**WORK ITEM:** Would you retype the lines from the one that holds "Benzer Haber" to the final line of the entries below, both ends included and exactly as written, but without pictures?

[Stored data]
========================

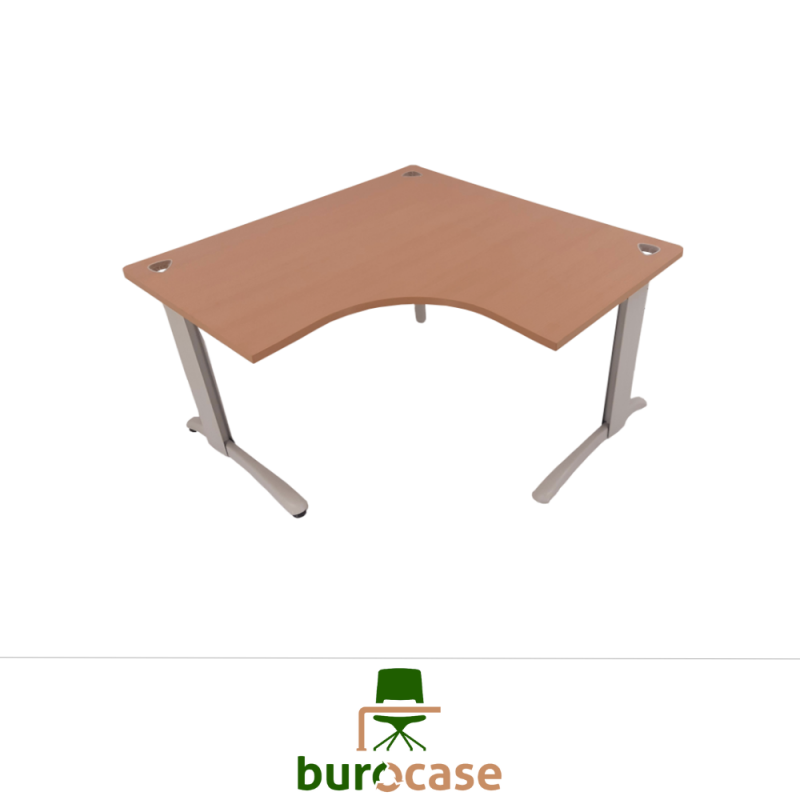 BUREAU COMPACT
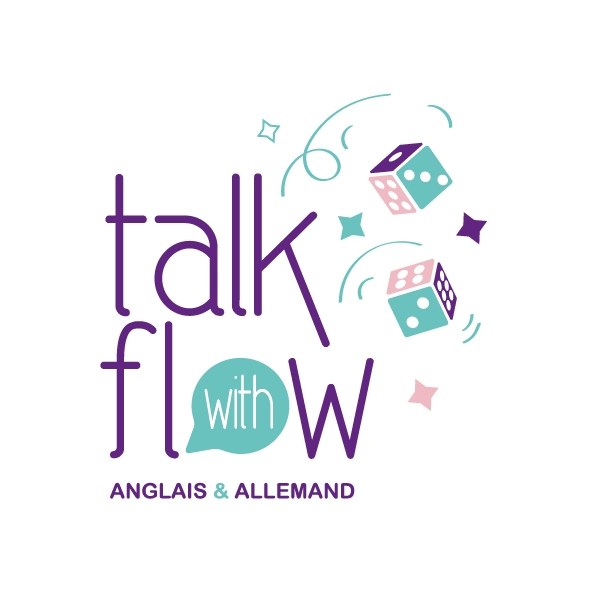 Talk with floW | Habay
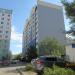 5-й микрорайон, 9 в городе Курган
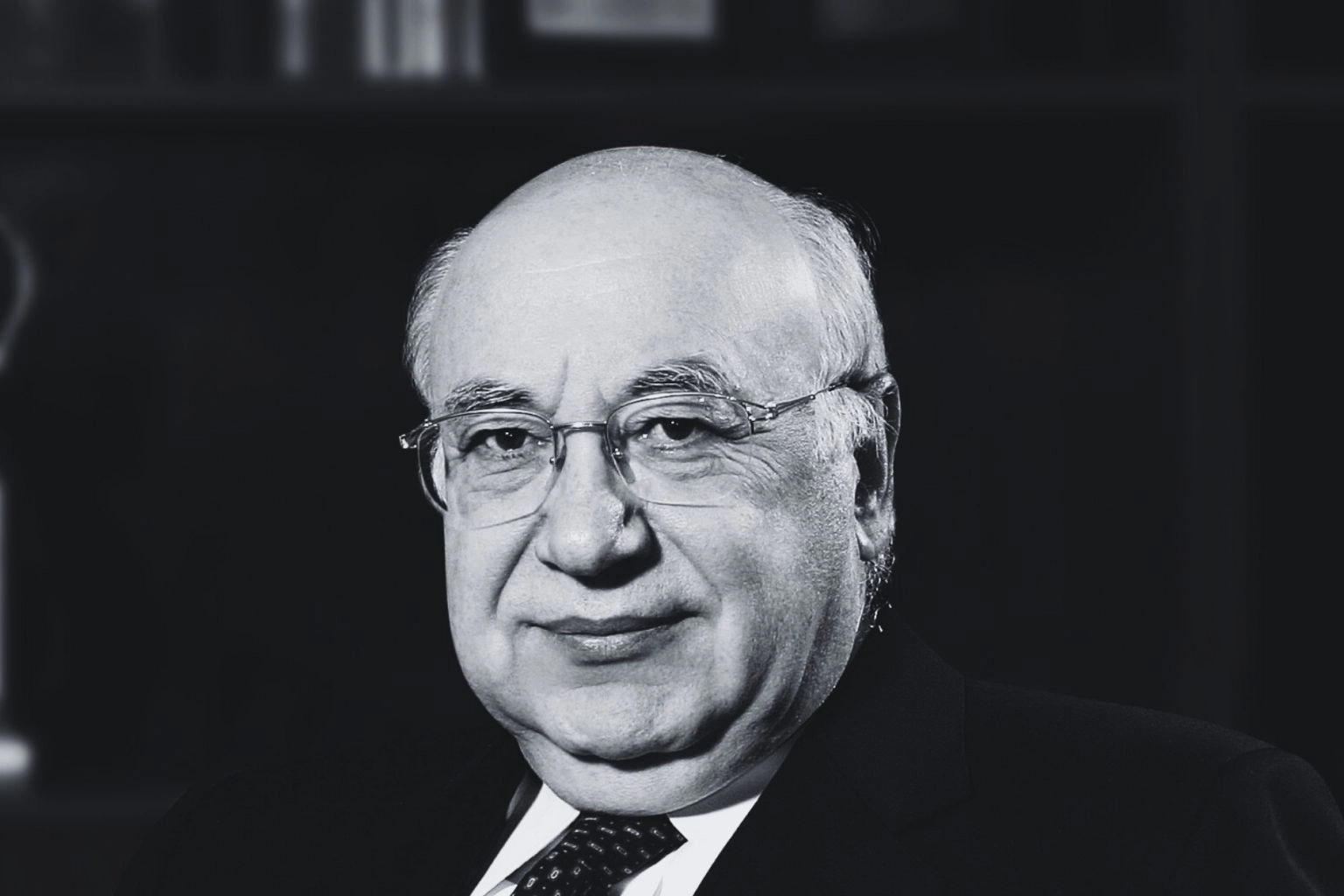 Benzer Haber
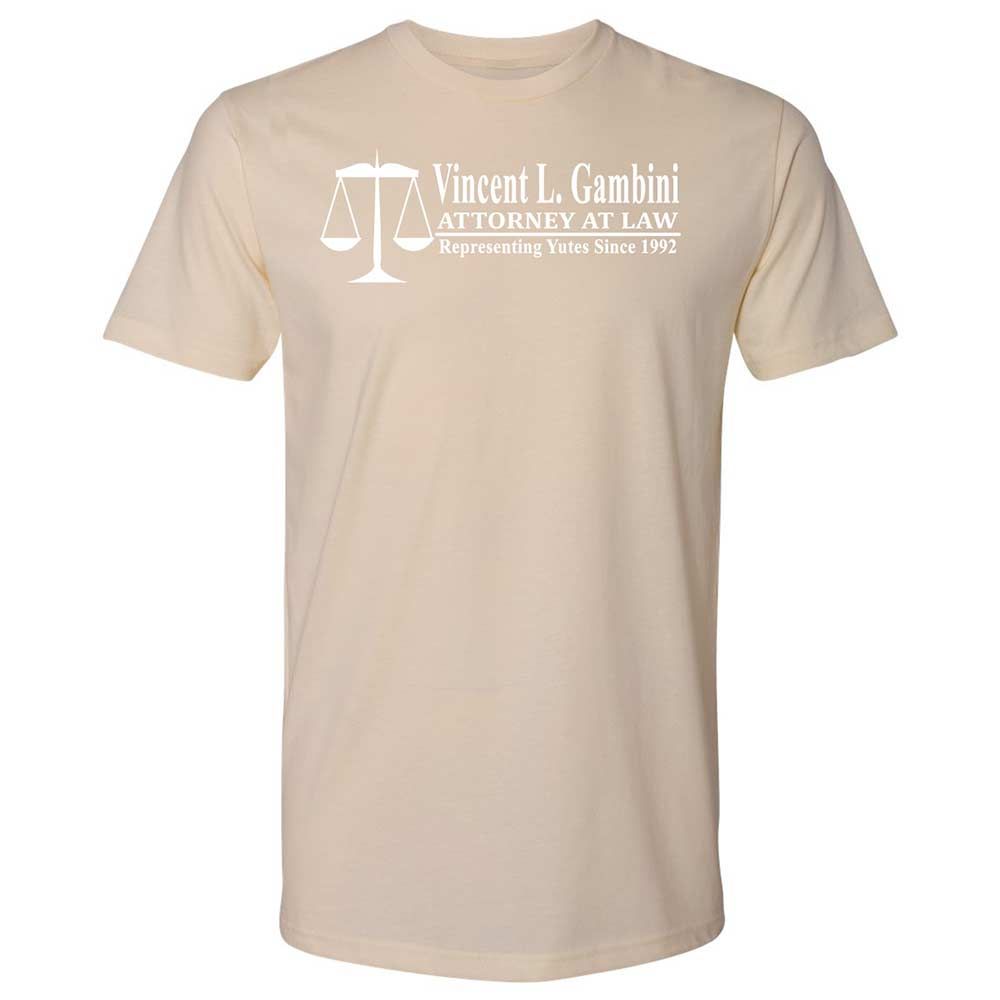 Premium Unisex T-Shirt - P5Y7KA1E - Cream - 20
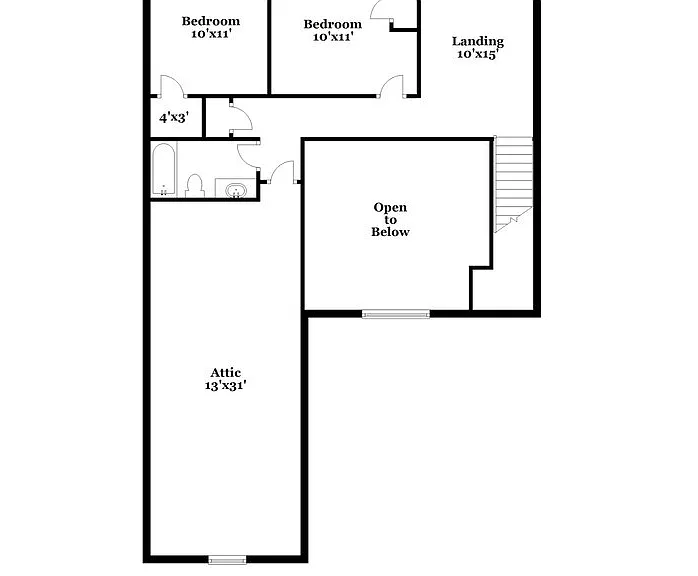 29 Celtic Ct — Photo 3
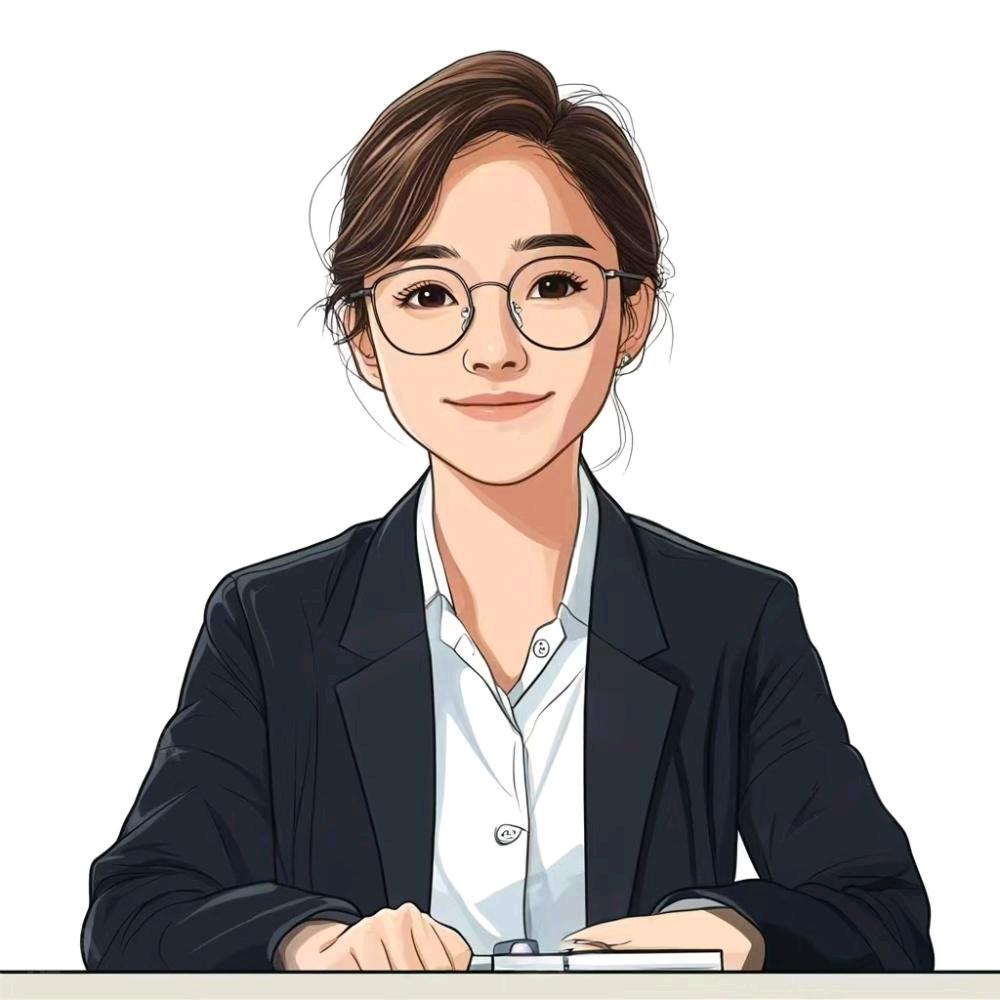 王大拿聊Python编程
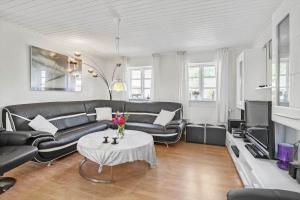 SL236-Slagelse-Bildsovej-202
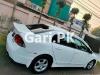 Honda Civic VTi Oriel 1.8 i-VTEC 2009 For Sale in Lahore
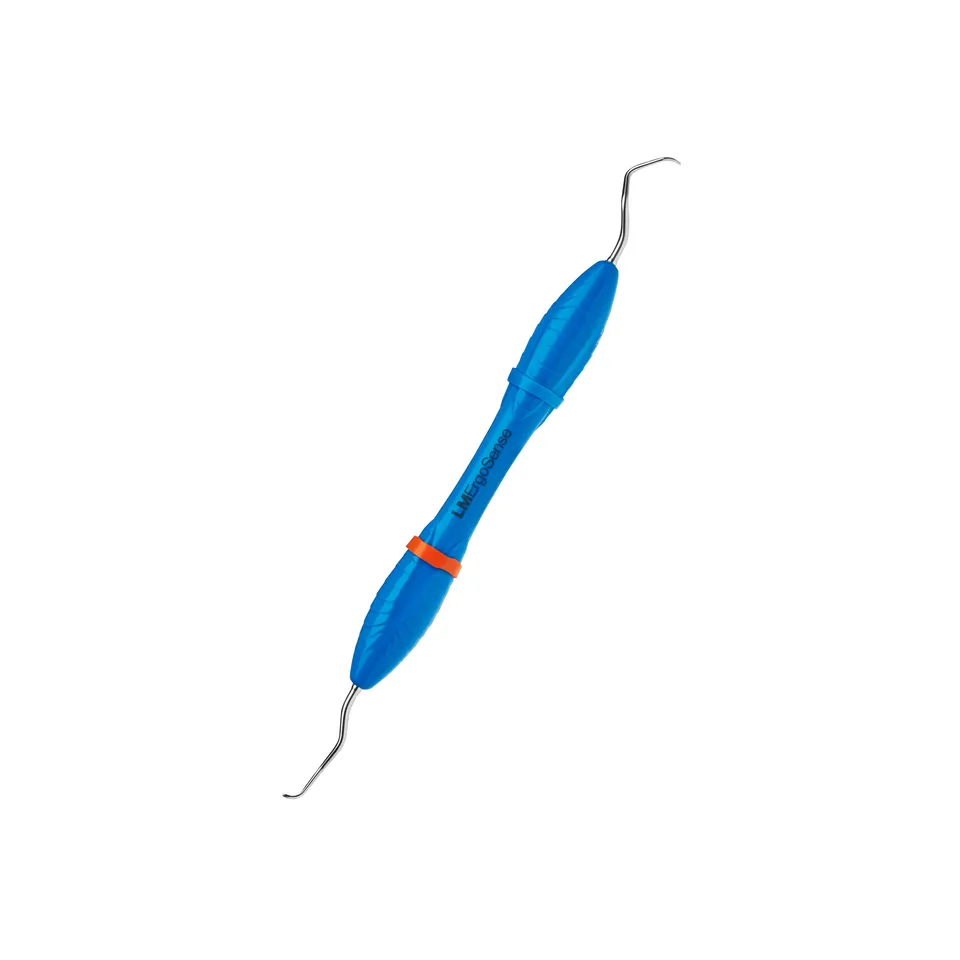 lm-instruments-gracey-16-17-m-d-k-rette-mesial-distal image 1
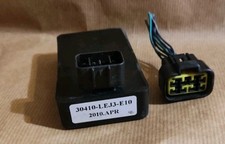 Centralina Cdi originale per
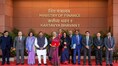 Social sector gets a Rs 6 lakh crore push in Budget 2026-27
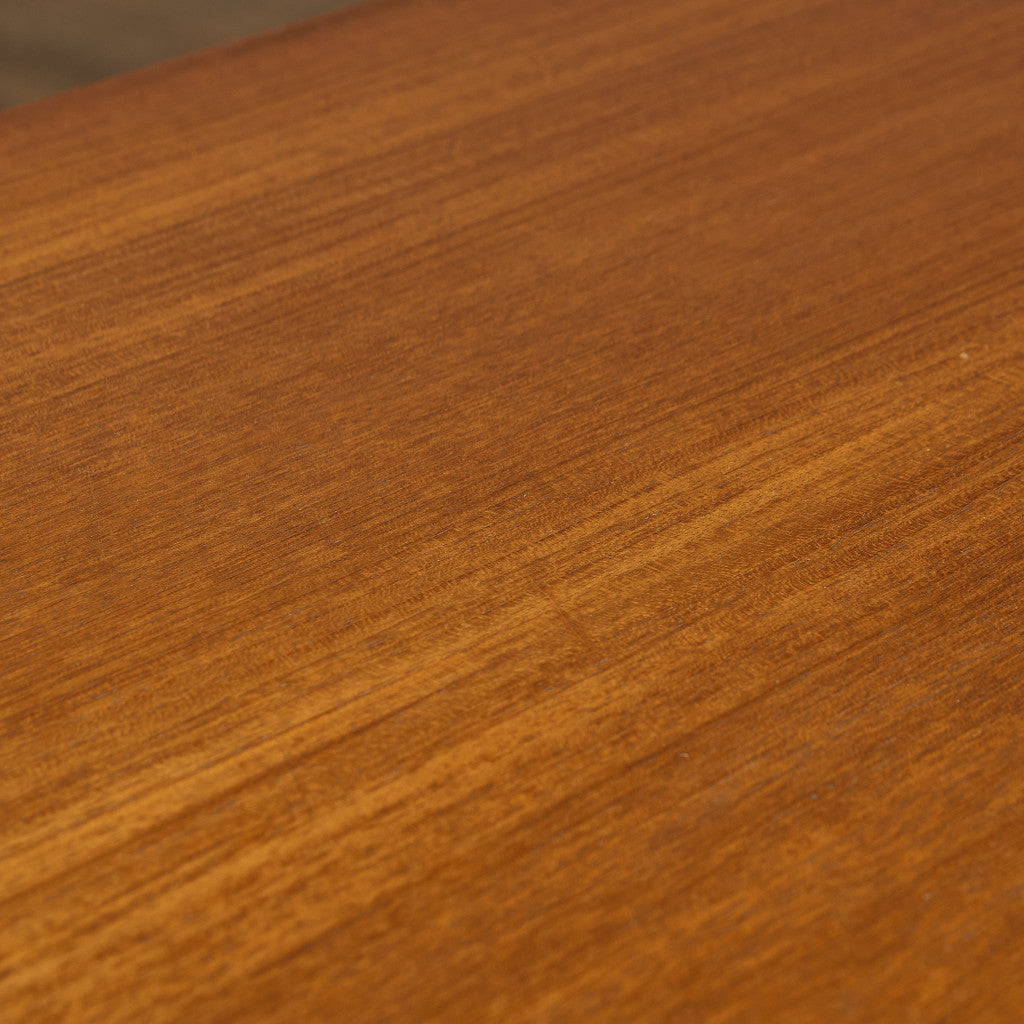 英国 ヴィンテージ キャビネット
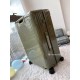 Rimowa Trolley caseluggageUltra-light pc zipper case, must get the same high value trolley case of YiYiChixi! Rimowa Essential new color collection! When you're young, you need to look good to travel! Rimowa Organizer Se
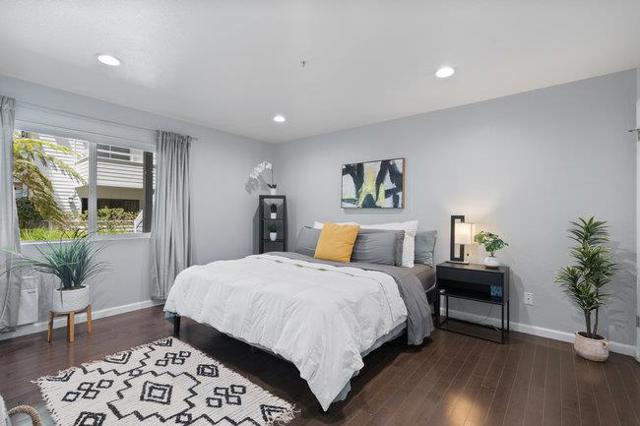 41 Grandview Street, Santa Cruz CA: https://media.crmls.org/mediaz/996f899b-6848-447a-bb79-6382396b7f6d.jpg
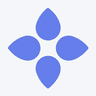 Bloom Token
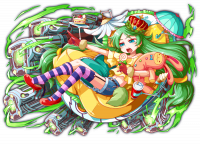 Unit255.png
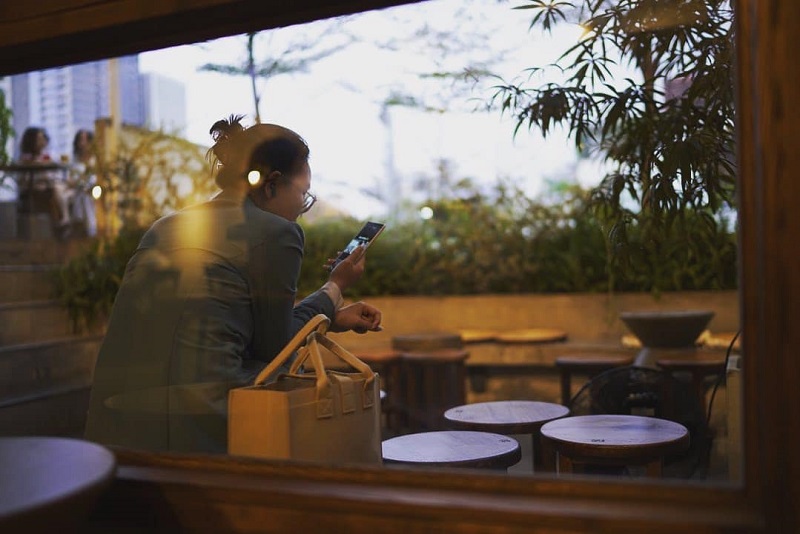 Soo Kafe, bringing the taste of Specialty coffee to diners 5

========================

**RESPONSE:**
 Benzer Haber
 Premium Unisex T-Shirt - P5Y7KA1E - Cream - 20
 29 Celtic Ct — Photo 3
 王大拿聊Python编程
 SL236-Slagelse-Bildsovej-202
 Honda Civic VTi Oriel 1.8 i-VTEC 2009 For Sale in Lahore
 lm-instruments-gracey-16-17-m-d-k-rette-mesial-distal image 1
 Centralina Cdi originale per
 Social sector gets a Rs 6 lakh crore push in Budget 2026-27
 英国 ヴィンテージ キャビネット
 Rimowa Trolley caseluggageUltra-light pc zipper case, must get the same high value trolley case of YiYiChixi! Rimowa Essential new color collection! When you're young, you need to look good to travel! Rimowa Organizer Se
 41 Grandview Street, Santa Cruz CA: https://media.crmls.org/mediaz/996f899b-6848-447a-bb79-6382396b7f6d.jpg
 Bloom Token
 Unit255.png
 Soo Kafe, bringing the taste of Specialty coffee to diners 5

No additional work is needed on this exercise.